Is this something that can be improved by using L2ARC and / or SLOG? Any advice for how to improve the situation above and beyond the pool of mirrors?

HoneyBadger · Jul 30, 2018

onigiri said:
Thanks for your response HoneyBadger.

Here is a screengrab of gstat -p
It is constantly changing but there are always 1-2 drives in the red during refresh.

Do your drives ever get a chance to "settle down" at any point, or are they basically always serving requests?

To respond to your question about how much data is in the pools. Right now we are moving data from one server to another to reconfigure the drives from 4x15 to 10x6 vdev config. All of the data does not fit on one server that is roughly 380TB. We have to put some data on another server, which is an EMC Isilon, that data that is living on the Isilon that shouldn't be right now is about 60T.

If you configured both servers with the 30x2 mirror setup, you'd get a total of 263*2=526TB usable between them, each server would be about 72% full. That's a bit close to the "20% free space" guideline for my liking, and ZFS performs worse as the pool gets full.

onigiri · Jul 30, 2018

HoneyBadger said:
If you configured both servers with the 30x2 mirror setup, you'd get a total of 263*2=526TB usable between them, each server would be about 72% full. That's a bit close to the "20% free space" guideline for my liking, and ZFS performs worse as the

There is no way to go back and reconfigure the one server at this point. Also I am just referring to current data, we have anywhere from 15-30 projects going at a time that is constantly revolving and raw data from the field is 10-50TB a pop, depending on what we are flying and what sensors are being used.

HoneyBadger said:
Do your drives ever get a chance to "settle down" at any point, or are they basically always serving requests?

The answer to this is no. We run two applications 'GeoCue' that processes LiDAR imaging and another called 'SimActive' does a process called orthophotogrammetry, processing raw images, sometimes upwards of 3000 (300MB) .tif files, and lays them ontop of a surface. These two processes, depending on the processing power associated with them can take anywhere from days to weeks, and when one is done, another is almost immediately started.

HoneyBadger · Jul 30, 2018

Chris Moore said:
Is this something that can be improved by using L2ARC and / or SLOG? Any advice for how to improve the situation above and beyond the pool of mirrors?

L2ARC could reduce the impact but it ultimately depends on how big the working set is. Since we're talking about 380TB of GIS data, if even 1/10th of it is being accessed during each "production run" we're talking about 38TB. You might be able to add something like 4TB of total L2ARC, and get 1/10th of that data - in essence, saving 10% of the workload from your disks.

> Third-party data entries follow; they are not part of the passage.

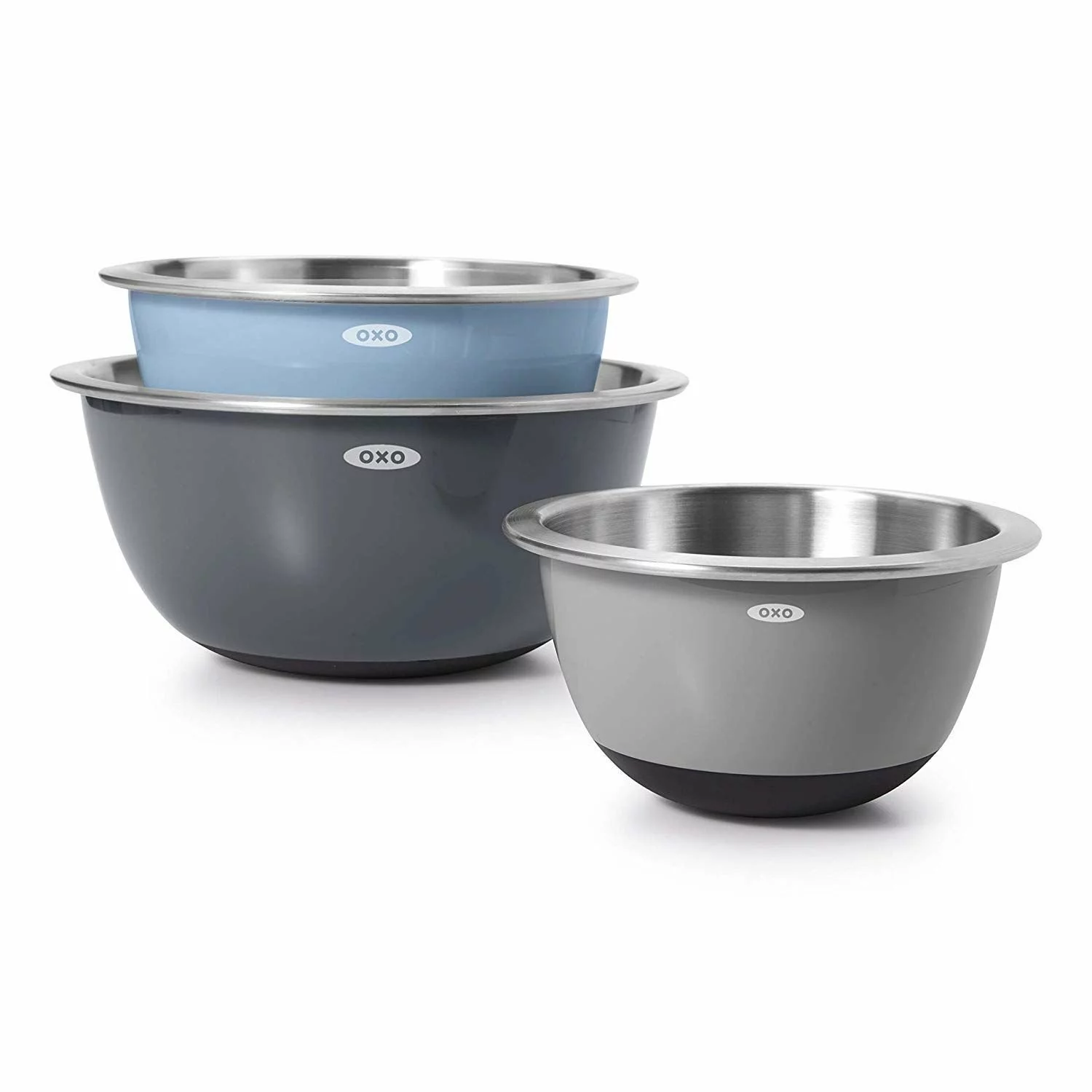 OXO 3-Piece Stainless Steel Mixing Bowl Set | Grey & Blue 4 OXO 3-Piece Stainless Steel Mixing Bowl Set | Grey & Blue - Image 2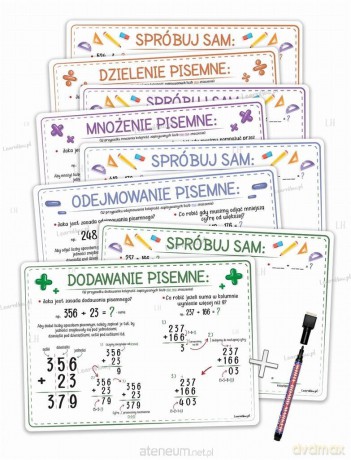 Plansze edukacyjne A4 - liczenie pisemne +pisak 4 karty [KSIĄŻKA]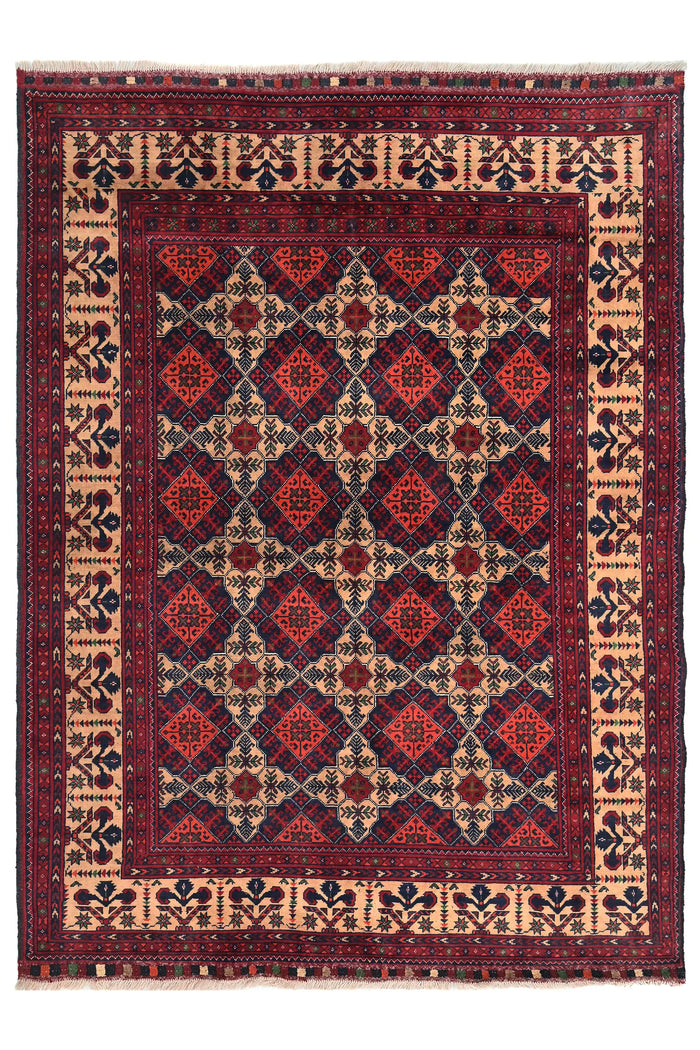 Biljik Afghan Rug – Crimson Rhombus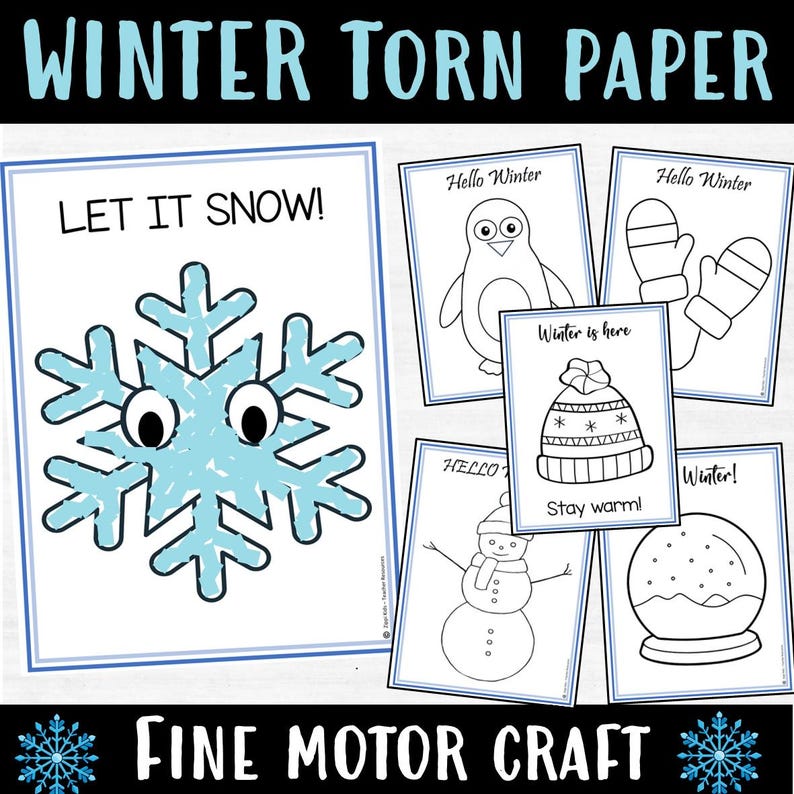 Winter Torn Paper Craft Preschool Activity, Cut and Paste Printable ...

SLOG won't help - he's already writing async, so he's able to ingest into a txg at line-speed. The problem comes when his system is trying to flush the outstanding txg out to the back-end vdevs. If there was an SLOG in play, it would choke the incoming reads sooner, but ultimately your pool needs to have the ability to completely flush out the txg faster than it can fill, or the write-throttle kicks in.

Chris Moore · Jul 30, 2018

HoneyBadger said:
If there was an SLOG in play, it would choke the incoming reads sooner, but ultimately your pool needs to have the ability to completely flush out the txg faster than it can fill, or the write-throttle kicks in.

So an L2ARC would help some, but SLOG not at all. Other than that, more vdevs to allow more transactions in parallel.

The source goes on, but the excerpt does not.